De manière plus radicale mais à ce jour pas très consensuelle, on peut réfléchir à des règles qui assureraient par défaut l’équilibre du système quelles que soient les trajectoires suivies par la productivité et le ratio retraités/actifs. Par exemple, revenir à l’indexation sur les salaires mais diminuée de la croissance qu’on observe chaque année pour le ratio retraités/cotisants, à règle donnée pour l’évolution de l’âge de la retraite, une option pouvant être, pour ce dernier, d’indexer sur l’espérance de vie du moment. Ceci a été la proposition du rapport Blanchard-Tirole de 2021, et avait aussi été exploré dans le sillage de la réforme de 2014. Les travaux conduits à l’époque avaient cependant montré qu’elle avait besoin d’être davantage expertisée, car une règle dont les effets paraissent évidents à première vue peut soulever des problèmes imprévus lorsqu’on la teste dans tous ses détails. De plus, même si se confirmait sa capacité à assurer un équilibrage par défaut, viendrait surement la demande que cet automatisme soit débrayable, quand on constaterait des évolutions excessivement problématiques pour les actifs et/ou les retraités.

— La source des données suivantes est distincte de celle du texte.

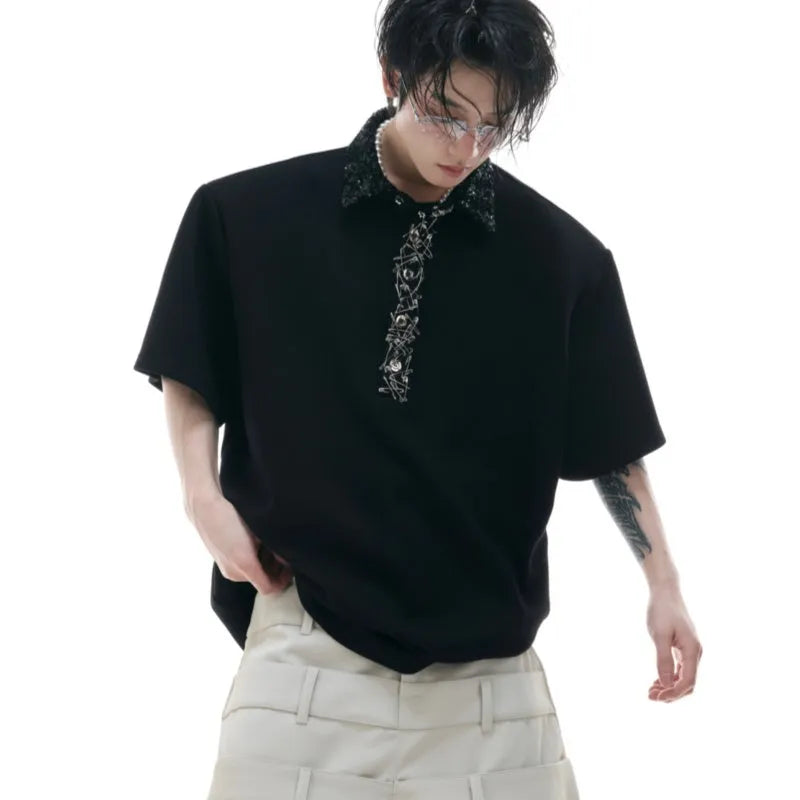 Men's black loose fit polo t-shirt with square collar and embroidered sequin detailing on short sleeves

Dans l’attente que ceci puisse éventuellement aboutir, que conclure sur la robustesse des prévisions de déficit conduites par le COR, puisque déficits il y a bien dans la majorité de ses scénarios ?
On peut très bien convenir que les évolutions récentes de la mortalité suggèrent un aléa qui va plutôt dans le sens de leur modération. Mais il y a des aléas susceptibles de jouer dans l’autre sens. Les hypothèses basses de productivité du COR font-elles suffisamment de place à la demande d’une croissance plus sobre, par exemple ? Il peut sembler paradoxal à ce titre que ce soient souvent les mêmes qui expriment cette demande de sobriété et qui s’appuient sur les hypothèses hautes du COR pour relativiser le problème des retraites. Ce paradoxe mériterait d’être davantage creusé. Sans parler de l’idée de remédier à la crise climatique par la décroissance de la population : dans ce cas, les projections du COR sont à revoir dans un sens bien plus défavorable. Ce coup-ci, le non-renouvellement des générations finirait par vraiment impacter l’équilibre des retraites.
Il faut enfin rappeler que, en plus de dépendre des hypothèses macroéconomiques et démographiques, les déficits dépendent aussi de ce qu’on pense être les ressources normales pérennes du système. C’est là que se greffe une incertitude sur la notion même de déficit. Sa cause est qu’on n’est plus du tout dans l’idéal-type d’un système de retraite qui serait équilibré par les seules cotisations bien prévisibles des assurés sociaux et leurs employeurs. L’équilibre est tributaire des concours de l’Etat, et une troisième inconnue est donc celle des marges qui existent dans ce domaine. C’est ce qui débouche sur ces fameuses deux conventions de calcul de déficits, selon que l’Etat recycle ou non vers les régimes déficitaires les économies qui pourraient progressivement apparaître sur les régimes qui bénéficient de ses subventions d’équilibre.
Faut-il croire à la plus optimiste ou à la plus pessimiste de ces deux conventions ? Du côté de la première, il y a ceux qui pensent que l’État est certes très sollicité mais qu’il a aussi beaucoup de marges de manœuvre, qu’il pourra toujours refinancer sa dette à faible taux et continuer d’en faire profiter le système de retraite. Et, de l’autre côté, ceux qui pensent qu’il a trop d’autres besoins à satisfaire, ou que le risque de crise des finances publiques ne peut plus être négligé. Pour le coup, prévoir à quel moment un tel risque se concrétiserait relèverait vraiment de la divination. Mais on ne peut ignorer cette problématique générale de finances publiques. En zoomant sur le seul équilibre des retraites et l’incertitude qui lui est propre, on oublie qu’il est un morceau d’un sujet plus vaste, c’est aussi à ce niveau global qu’il faut apprécier les risques.